- Born: December 12, 1909 Chicago
- Died: November 18, 1976 (aged 66) New York City (age 66)
- Education: B.A. University of Chicago
- Spouse: Pauline Spiegel
- Children: 4 including Paul Cowan Geoffrey Cowan

= Louis G. Cowan =

American radio and television producer and executive (1909-1976)

Louis G. Cowan (December 12, 1909 – November 18, 1976) was a president of the CBS broadcasting network in the United States and a creator of quiz shows (including Quiz Kids radio program, Stop the Music, and The $64,000 Question for television), a television producer and was director of the Voice of America from 1943–1945.

==Early life==
Cowan was born Louis Cohen in 1909 in Chicago but changed his name at age 21. Cowan's parents were Orthodox Jews. His father was Jacob Cohen, a failed businessman, and his mother was Hetty Smitz Cohen. He graduated from the University of Chicago with a Doctor of Philosophy degree in history. While at the university he met his wife Pauline "Polly" Spiegel, granddaughter of Joseph Spiegel, founder of the Spiegel catalog.

==Career==
Cowan's breakthrough as a producer came in 1940 with Quiz Kids. He set up its first production company Louis G. Cowan Company, who was based in Chicago, in its first stint at game shows after being a commercial agency. During World War II he headed the New York office of the United States Office of War Information. After that he returned to commercial radio, producing first Murder at Midnight and then Fighting Senator. In 1946, he formed his own production company in New York, Louis G. Cowan, Inc. When he moved in to CBS during the success of The $64,000 Question, his eponymous production company, Louis G. Cowan, Inc., was renamed to Entertainment Productions, Inc. under the presidency of Harry Fleischman, and developed successful quiz shows like The $64,000 Question and The Big Surprise. Entertainment Productions went defunct in 1959 shortly after he left CBS.
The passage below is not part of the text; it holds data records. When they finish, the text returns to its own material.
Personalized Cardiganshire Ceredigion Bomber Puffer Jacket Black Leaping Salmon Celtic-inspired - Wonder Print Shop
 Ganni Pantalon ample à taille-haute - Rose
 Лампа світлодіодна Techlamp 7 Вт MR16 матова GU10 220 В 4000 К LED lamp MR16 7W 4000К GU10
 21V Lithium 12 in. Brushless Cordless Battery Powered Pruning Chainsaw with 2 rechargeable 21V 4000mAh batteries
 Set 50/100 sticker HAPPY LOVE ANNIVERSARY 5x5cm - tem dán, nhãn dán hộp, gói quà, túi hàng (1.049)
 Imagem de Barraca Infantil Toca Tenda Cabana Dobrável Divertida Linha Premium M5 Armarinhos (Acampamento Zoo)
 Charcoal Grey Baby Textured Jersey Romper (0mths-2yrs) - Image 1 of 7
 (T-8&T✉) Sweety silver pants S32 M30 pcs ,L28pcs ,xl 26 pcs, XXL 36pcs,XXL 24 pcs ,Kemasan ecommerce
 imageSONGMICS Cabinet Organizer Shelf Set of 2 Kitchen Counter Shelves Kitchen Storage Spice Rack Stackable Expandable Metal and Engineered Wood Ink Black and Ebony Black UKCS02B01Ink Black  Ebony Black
He produced more than 50 programs during his three years with CBS, including Captain Kangaroo, and won two Peabody Awards. After he left CBS, he founded Chilmark Press, was director of the Brandeis University Communications Center, special lecturer at the Columbia University Graduate School of Journalism and founded the William E. Wiener Oral History Library for the American Jewish Committee.

==Personal life==
In 1976, Cowan died along with his wife in a house fire in New York City. The fire was believed to have been caused by “smoking carelessness”. They had four children: Paul Cowan, Geoffrey Cowan, Holly Cowan Shulman, and Liza Cowan.

==Legacy==
Cowan's papers and archives, along with the archives of Chilmark Press, are held at Columbia University.